I never typed that  I think my friend must have seen that post and proceeded to help you out  I am sorry I am of no help when it comes to Visual Basic  I think he refers to either full screen or just a small window. I have no idea what he means by the phrase "vbmaximised". Will come to you if I meet him again.
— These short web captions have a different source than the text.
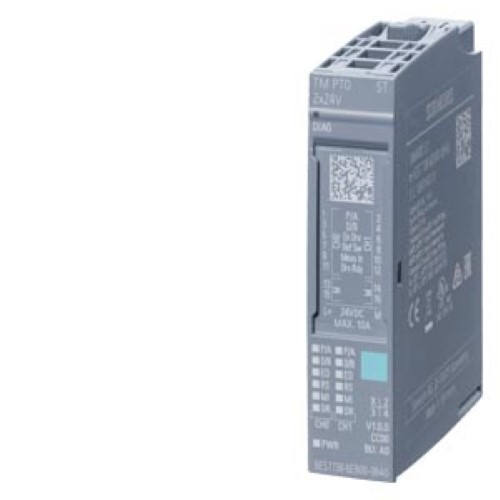 SIEMENS - 6ES71386EB000BA0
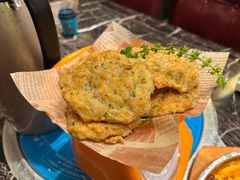 -长安·大茶饭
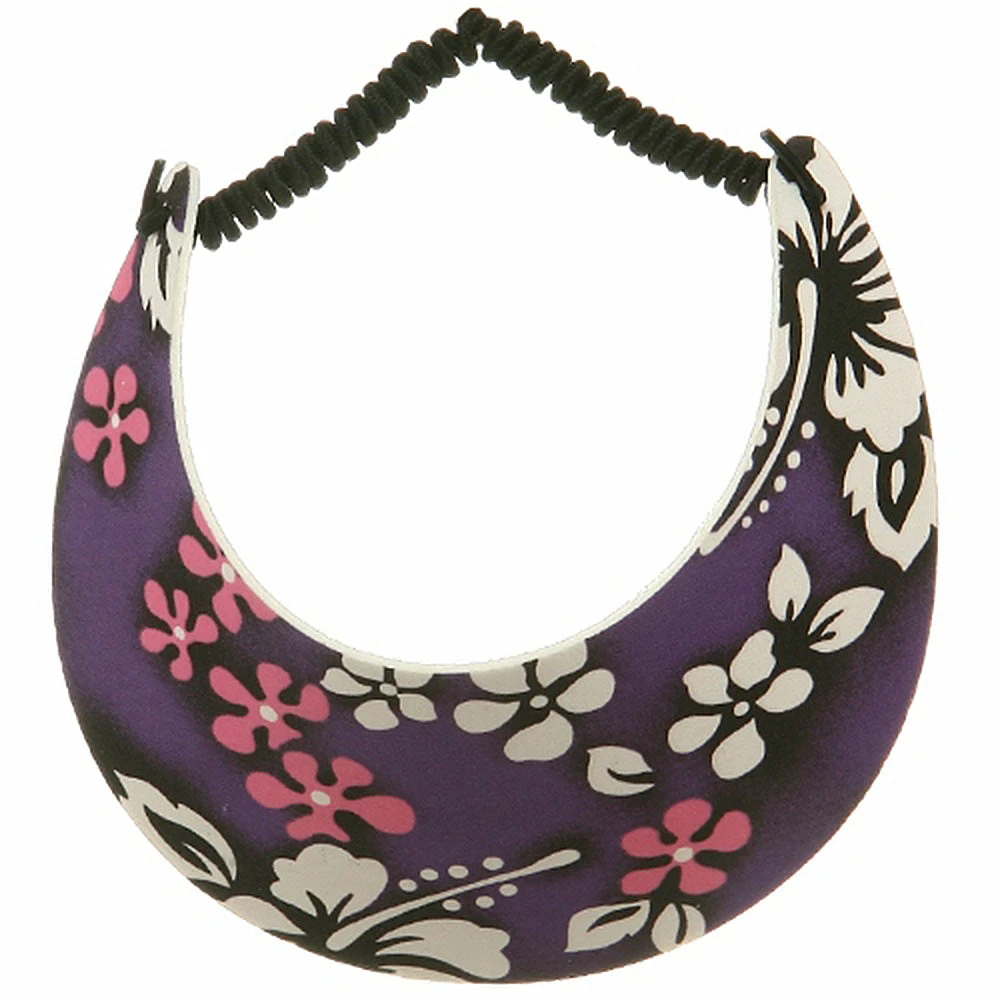 MG Fabric Foam Visor - Image 8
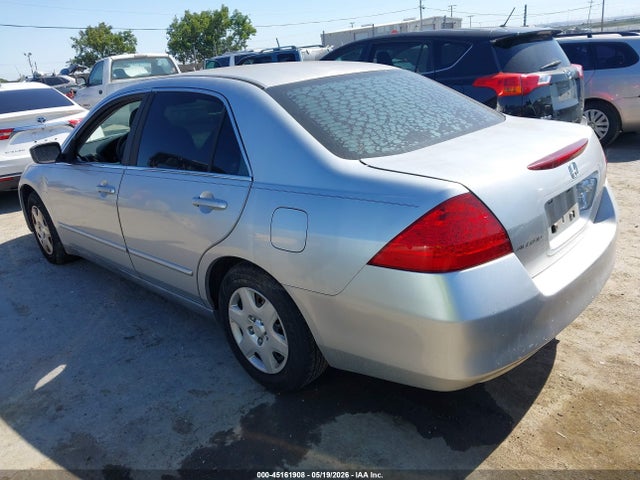 Honda Accord 2.4 Lx
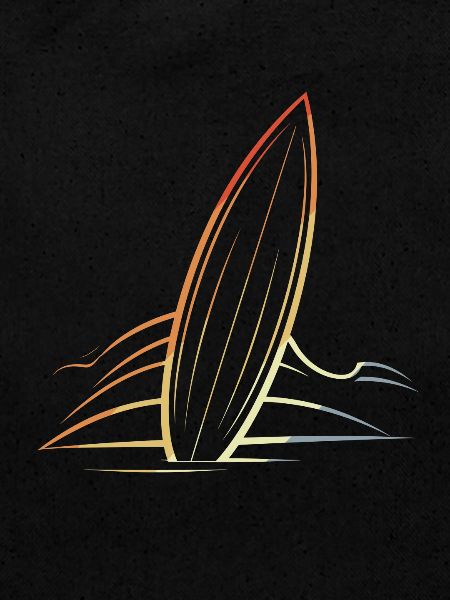 Surfboard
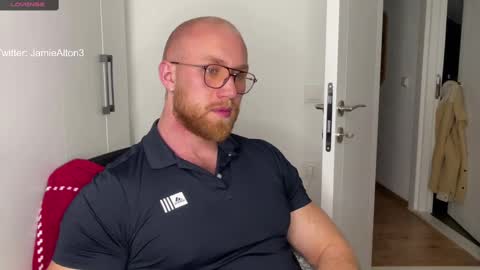 Snapshot of wlademarbergs chatting on 17, 2, 2025 Wlademar online show from 17, 2, 2025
Edit: He says that it refers to the initial state of the window, ie maximised or minimised (in the taskbar). The "vb" is just the code.


----------



## syker (Jun 21, 2010)

Fourstaff said:


> I never typed that  I think my friend must have seen that post and proceeded to help you out  I am sorry I am of no help when it comes to Visual Basic  I think he refers to either full screen or just a small window. I have no idea what he means by the phrase "vbmaximised". Will come to you if I meet him again.
> 
> Edit: He says that it refers to the initial state of the window, ie maximised or minimised (in the taskbar). The "vb" is just the code.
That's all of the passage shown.